* [Problem statement]: Restate each line of the listing exactly, without carrying over any pictures.

* [Provided material]:
********

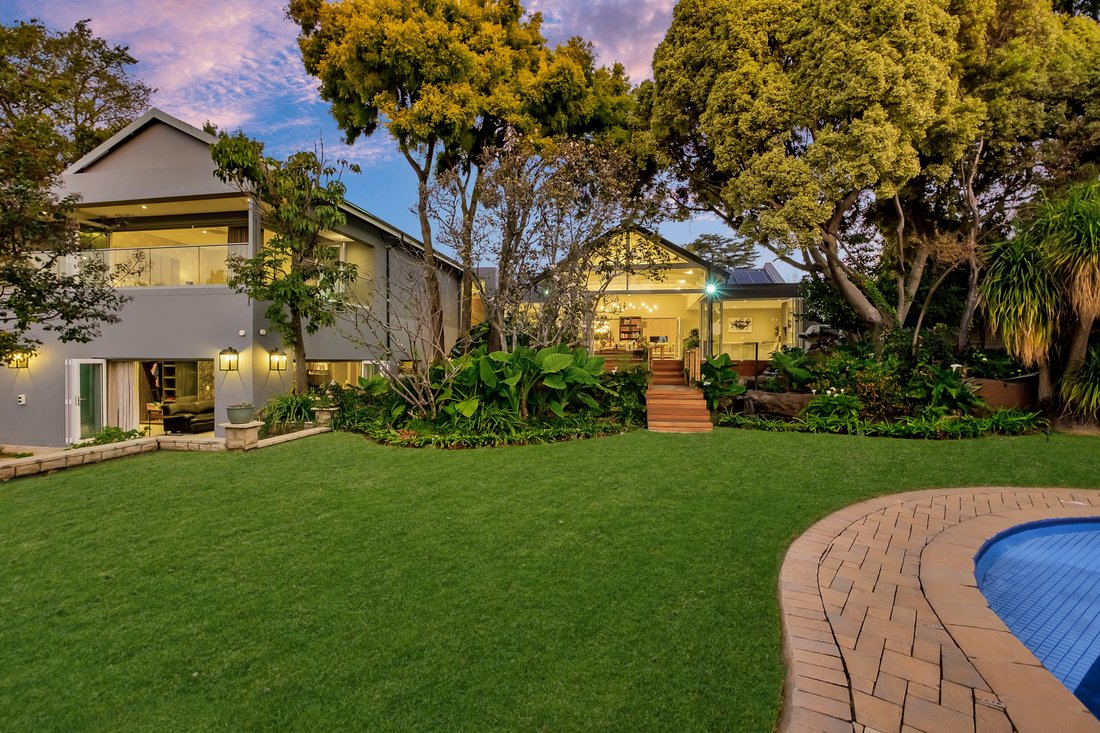 Atholl In Sandton, Gauteng, South Africa For Sale (12876387)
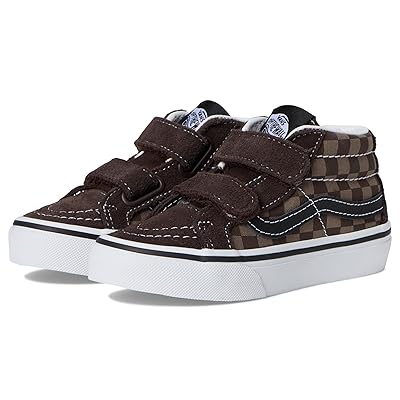 Vans Kids Kids Sk8 Mid Reissue V (Little Kid) Kid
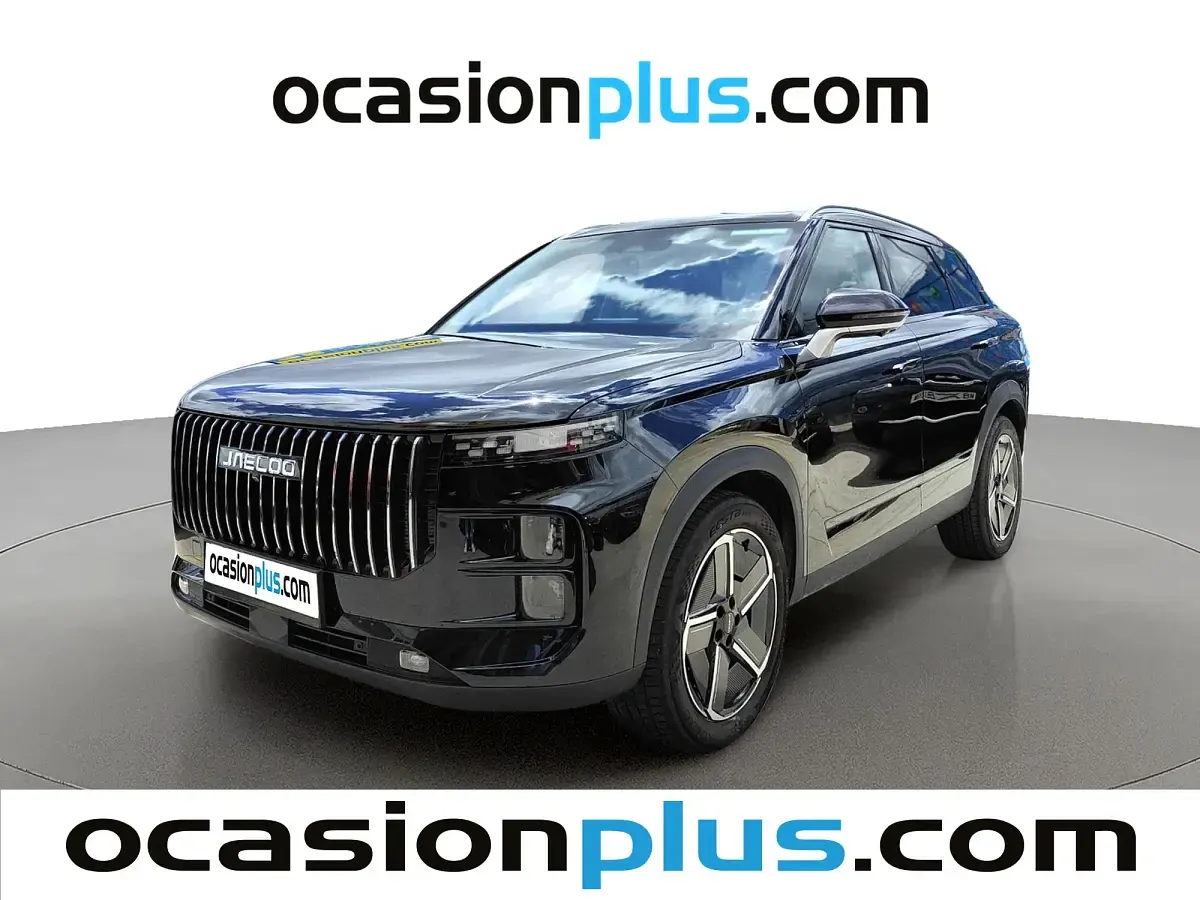 Usado Jaecoo 7 147 CV (108 kW) 2025 SUV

********

* [Response box]:
 Atholl In Sandton, Gauteng, South Africa For Sale (12876387)
 Vans Kids Kids Sk8 Mid Reissue V (Little Kid) Kid
 Usado Jaecoo 7 147 CV (108 kW) 2025 SUV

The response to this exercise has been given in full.